UK Tax: General Anti-Avoidance Rule: Graham Aaronson QC’s Study Group Recommends a Narrow GAAR

Sullivan & Cromwell LLP - December 6, 2011

Late last year the UK Government asked leading tax barrister Graham Aaronson QC to lead a study programme to establish whether the UK should introduce a general anti-avoidance rule and – if so – what it should look like. Mr Aaronson has now reported.
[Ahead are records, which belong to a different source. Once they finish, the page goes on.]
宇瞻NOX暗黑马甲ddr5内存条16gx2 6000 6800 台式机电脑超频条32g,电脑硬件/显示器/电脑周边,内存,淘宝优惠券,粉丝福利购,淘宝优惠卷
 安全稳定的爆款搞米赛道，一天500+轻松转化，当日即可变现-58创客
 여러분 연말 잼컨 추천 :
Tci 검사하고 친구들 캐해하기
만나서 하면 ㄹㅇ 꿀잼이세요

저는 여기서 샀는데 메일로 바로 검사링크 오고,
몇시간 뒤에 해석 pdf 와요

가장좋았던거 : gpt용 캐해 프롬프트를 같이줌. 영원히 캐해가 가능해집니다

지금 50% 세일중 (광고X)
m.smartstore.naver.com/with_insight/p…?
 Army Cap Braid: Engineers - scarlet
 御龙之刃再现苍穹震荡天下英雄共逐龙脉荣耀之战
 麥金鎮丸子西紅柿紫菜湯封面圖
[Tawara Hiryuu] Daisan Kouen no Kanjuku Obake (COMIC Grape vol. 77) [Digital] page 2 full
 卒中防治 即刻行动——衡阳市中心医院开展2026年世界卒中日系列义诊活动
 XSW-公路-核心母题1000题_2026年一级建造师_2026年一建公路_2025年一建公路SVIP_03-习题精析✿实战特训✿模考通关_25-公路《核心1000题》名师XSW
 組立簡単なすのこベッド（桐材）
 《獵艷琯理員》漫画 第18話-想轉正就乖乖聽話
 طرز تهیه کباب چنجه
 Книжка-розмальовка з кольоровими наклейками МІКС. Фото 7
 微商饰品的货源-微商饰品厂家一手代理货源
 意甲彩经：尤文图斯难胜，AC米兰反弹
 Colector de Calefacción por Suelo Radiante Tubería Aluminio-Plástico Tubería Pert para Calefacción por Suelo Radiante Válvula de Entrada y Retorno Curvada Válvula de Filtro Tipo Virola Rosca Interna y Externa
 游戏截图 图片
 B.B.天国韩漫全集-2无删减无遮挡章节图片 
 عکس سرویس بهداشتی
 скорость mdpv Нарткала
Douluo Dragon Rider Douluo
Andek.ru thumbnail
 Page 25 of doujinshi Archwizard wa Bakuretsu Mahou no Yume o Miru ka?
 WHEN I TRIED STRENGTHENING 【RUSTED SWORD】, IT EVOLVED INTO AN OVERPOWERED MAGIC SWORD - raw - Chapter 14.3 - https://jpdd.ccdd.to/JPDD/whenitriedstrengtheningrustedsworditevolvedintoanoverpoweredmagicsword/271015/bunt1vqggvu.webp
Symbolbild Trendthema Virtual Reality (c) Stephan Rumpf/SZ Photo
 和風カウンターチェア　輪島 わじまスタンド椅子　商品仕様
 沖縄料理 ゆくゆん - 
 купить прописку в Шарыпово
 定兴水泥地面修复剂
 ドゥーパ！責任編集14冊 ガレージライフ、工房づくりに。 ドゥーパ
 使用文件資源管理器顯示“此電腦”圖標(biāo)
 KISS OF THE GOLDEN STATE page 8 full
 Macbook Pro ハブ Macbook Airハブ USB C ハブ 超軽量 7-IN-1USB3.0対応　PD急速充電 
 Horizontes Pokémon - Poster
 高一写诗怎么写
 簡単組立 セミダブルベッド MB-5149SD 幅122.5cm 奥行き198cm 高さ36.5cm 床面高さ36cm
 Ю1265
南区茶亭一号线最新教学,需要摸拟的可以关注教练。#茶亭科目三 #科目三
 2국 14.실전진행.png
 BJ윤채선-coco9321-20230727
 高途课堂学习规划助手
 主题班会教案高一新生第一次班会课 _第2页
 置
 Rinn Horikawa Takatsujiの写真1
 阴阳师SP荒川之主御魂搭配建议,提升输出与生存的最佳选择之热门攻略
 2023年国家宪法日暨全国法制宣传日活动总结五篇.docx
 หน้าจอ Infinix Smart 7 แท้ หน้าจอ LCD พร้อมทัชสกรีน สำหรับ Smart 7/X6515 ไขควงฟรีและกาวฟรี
He recommends introducing a “narrow” GAAR, which catches only “highly abusive contrived and artificial schemes which are widely regarded as intolerable”.

The proposal:

The key features of the proposed GAAR are these:

  • “reasonable tax planning” would not be caught;
  • an Advisory Panel would provide non-binding opinions on what was “reasonable”;
  • HMRC would bear the burden of proof;
  • there would be no general advance clearance procedure;
  • initially it would apply to:
  • income tax;
  • corporation tax;
  • capital gains tax;
  • petroleum revenue tax; and
  • national insurance contributions;
  • later it might be extended to other taxes, like stamp duty and stamp duty land tax (“SDLT”).


The proposal raises two main questions:

  • where will the line between “reasonable tax planning” and “abusive schemes” be drawn; and
  • will the taxpayer be able to predict that with any certainty, especially without an advance clearance procedure?